(Short descriptive text snippets)
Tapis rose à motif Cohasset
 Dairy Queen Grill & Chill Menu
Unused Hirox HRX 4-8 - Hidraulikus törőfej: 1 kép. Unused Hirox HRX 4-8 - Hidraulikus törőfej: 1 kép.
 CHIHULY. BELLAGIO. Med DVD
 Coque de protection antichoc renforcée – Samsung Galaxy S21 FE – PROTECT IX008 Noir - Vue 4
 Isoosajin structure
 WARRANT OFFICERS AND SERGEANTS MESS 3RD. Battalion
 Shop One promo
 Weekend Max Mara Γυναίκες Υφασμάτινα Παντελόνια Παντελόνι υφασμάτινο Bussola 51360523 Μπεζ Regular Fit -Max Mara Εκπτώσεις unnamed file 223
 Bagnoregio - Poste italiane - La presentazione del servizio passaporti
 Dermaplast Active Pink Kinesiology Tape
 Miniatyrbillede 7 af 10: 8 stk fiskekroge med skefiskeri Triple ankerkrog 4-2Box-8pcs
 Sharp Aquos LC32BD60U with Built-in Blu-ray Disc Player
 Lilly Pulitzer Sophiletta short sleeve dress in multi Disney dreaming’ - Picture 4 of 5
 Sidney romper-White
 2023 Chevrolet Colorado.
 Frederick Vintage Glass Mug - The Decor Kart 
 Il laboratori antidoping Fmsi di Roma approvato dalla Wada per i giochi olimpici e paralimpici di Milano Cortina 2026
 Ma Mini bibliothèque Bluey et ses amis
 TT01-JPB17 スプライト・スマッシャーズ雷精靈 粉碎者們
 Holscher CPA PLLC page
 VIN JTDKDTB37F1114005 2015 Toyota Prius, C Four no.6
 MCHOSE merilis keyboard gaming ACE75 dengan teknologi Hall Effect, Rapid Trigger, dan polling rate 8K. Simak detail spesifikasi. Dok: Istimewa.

§ INSTRUCTIONS FOR THE TASK:
Exactness is what counts here: write out every record again.

§ WRITTEN RESPONSE:
Tapis rose à motif Cohasset
 Dairy Queen Grill & Chill Menu
Unused Hirox HRX 4-8 - Hidraulikus törőfej: 1 kép. Unused Hirox HRX 4-8 - Hidraulikus törőfej: 1 kép.
 CHIHULY. BELLAGIO. Med DVD
 Coque de protection antichoc renforcée – Samsung Galaxy S21 FE – PROTECT IX008 Noir - Vue 4
 Isoosajin structure
 WARRANT OFFICERS AND SERGEANTS MESS 3RD. Battalion
 Shop One promo
 Weekend Max Mara Γυναίκες Υφασμάτινα Παντελόνια Παντελόνι υφασμάτινο Bussola 51360523 Μπεζ Regular Fit -Max Mara Εκπτώσεις unnamed file 223
 Bagnoregio - Poste italiane - La presentazione del servizio passaporti
 Dermaplast Active Pink Kinesiology Tape
 Miniatyrbillede 7 af 10: 8 stk fiskekroge med skefiskeri Triple ankerkrog 4-2Box-8pcs
 Sharp Aquos LC32BD60U with Built-in Blu-ray Disc Player
 Lilly Pulitzer Sophiletta short sleeve dress in multi Disney dreaming’ - Picture 4 of 5
 Sidney romper-White
 2023 Chevrolet Colorado.
 Frederick Vintage Glass Mug - The Decor Kart 
 Il laboratori antidoping Fmsi di Roma approvato dalla Wada per i giochi olimpici e paralimpici di Milano Cortina 2026
 Ma Mini bibliothèque Bluey et ses amis
 TT01-JPB17 スプライト・スマッシャーズ雷精靈 粉碎者們
 Holscher CPA PLLC page
 VIN JTDKDTB37F1114005 2015 Toyota Prius, C Four no.6
 MCHOSE merilis keyboard gaming ACE75 dengan teknologi Hall Effect, Rapid Trigger, dan polling rate 8K. Simak detail spesifikasi. Dok: Istimewa.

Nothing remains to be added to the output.